Updated: Apr 25, 2020
Music From a Dark Past—Hope for Today and Tomorrow
The lilt of beautiful music stirs hope in the hearts of listeners. But like any great gift it can be perverted for evil. The Violins of Hope experience tells the story and brings it full circle through the darkest of times and circumstances to hope again. Sheri Kimble, a volunteer docent, explains:
During the Nazi years, many Jewish and other musicians were forced to play their music at first for the entertainment of the Nazi officials, but then for the prisoners being marched off to the labor sites from the camps, and ultimately for the new arrivals at the death camps who were herded into the "showers." Even though they knew the outcome, the musicians had no choice but to play or they too would die. Sometimes they would receive an extra scrap of food for their playing. Having that could give them—and others with whom they shared—strength and hope to stay alive another day.

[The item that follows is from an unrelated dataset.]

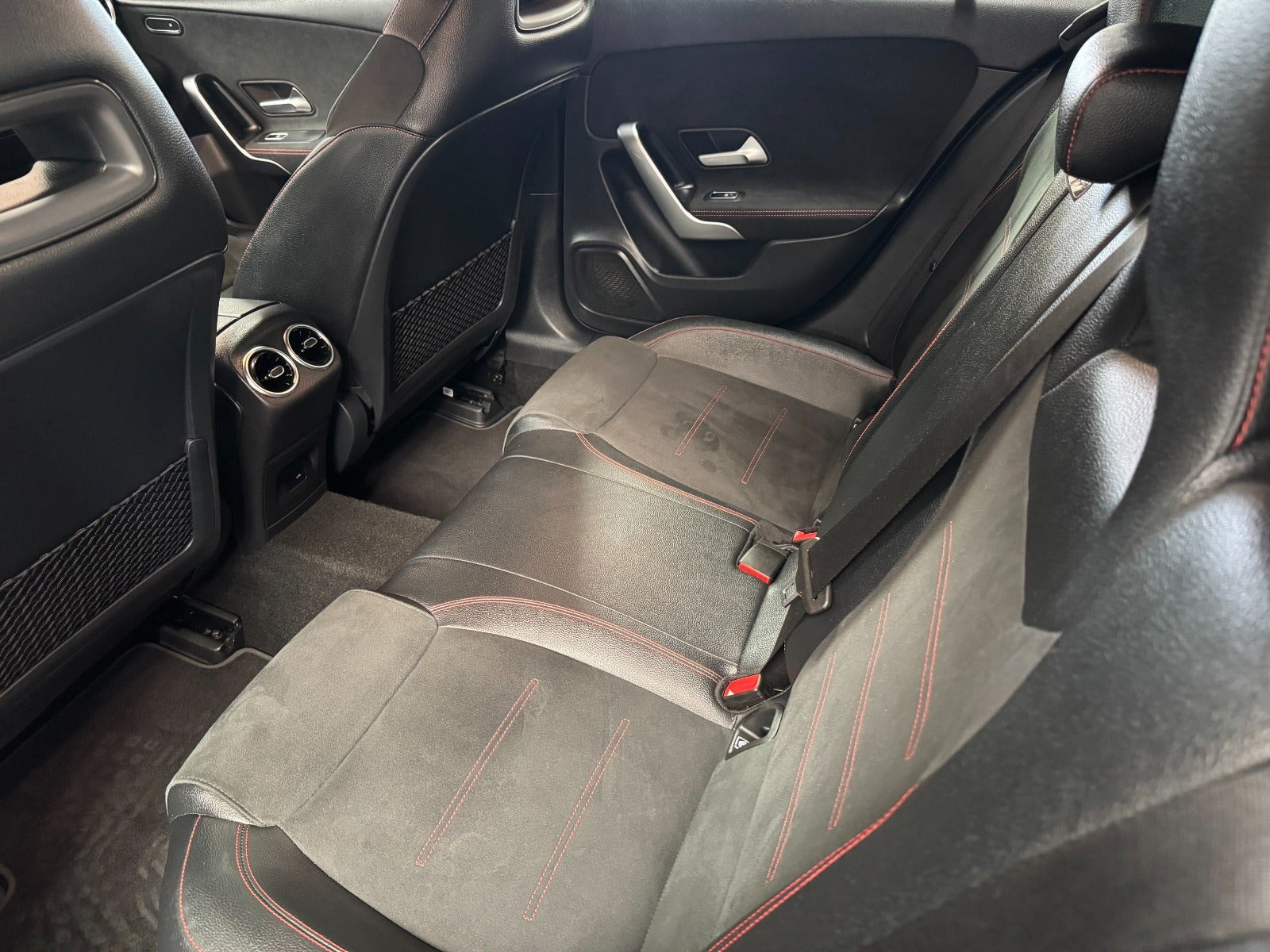 Sort Mercedes A250 e fra 2022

When the light began to return, the now freed musicians no longer had the heart to play. Their violins languished in dark attics and closets. Eventually, one—and then one by one—others were given to or collected by an Israeli luthier, Amnon Weinstein. His father, Moshe, had also been a maker and repairer of stringed instruments, which had brought him to Palestine before the outbreak of war. Unfortunately, 400 of his and his wife's families were destroyed in the Holocaust. In 2000 Amnon turned his skills toward restoring the violins and finding ways to tell their stories—so that the remembering will help humanity say, "Never again!"
The Violins of Hope experience travels internationally, but includes extended time in communities that are willing to turn the "visit" into a community-wide discussion and learning opportunity. Previous stops have been in Cleveland and Cincinnati, Ohio, and in Birmingham, Alabama. Through Memorial Day, May 28, 2018, Violins of Hope is in Nashville, Tennessee. Forty different exhibits and events—all but two are free—invite people into the story, into the music, into awareness, into hope. Major ones include concerts by the Nashville Symphony playing the violins and the Nashville Public Library's multifaceted exhibits.
Sheri answered a call to be a volunteer docent for the Library's exhibit. At first, in training, she felt overwhelmed by the intensity and responsibility of the story. Now, she is gratified to be able to help people of all ages understand, appreciate, and claim the message.
To provide a 40-venue experience for a community for free requires volunteers, including those who raise the possibility within their home area, others like Sheri who raise awareness through their channels or on site, and others who raise needed funds. Volunteers make a difference. Volunteers for hope.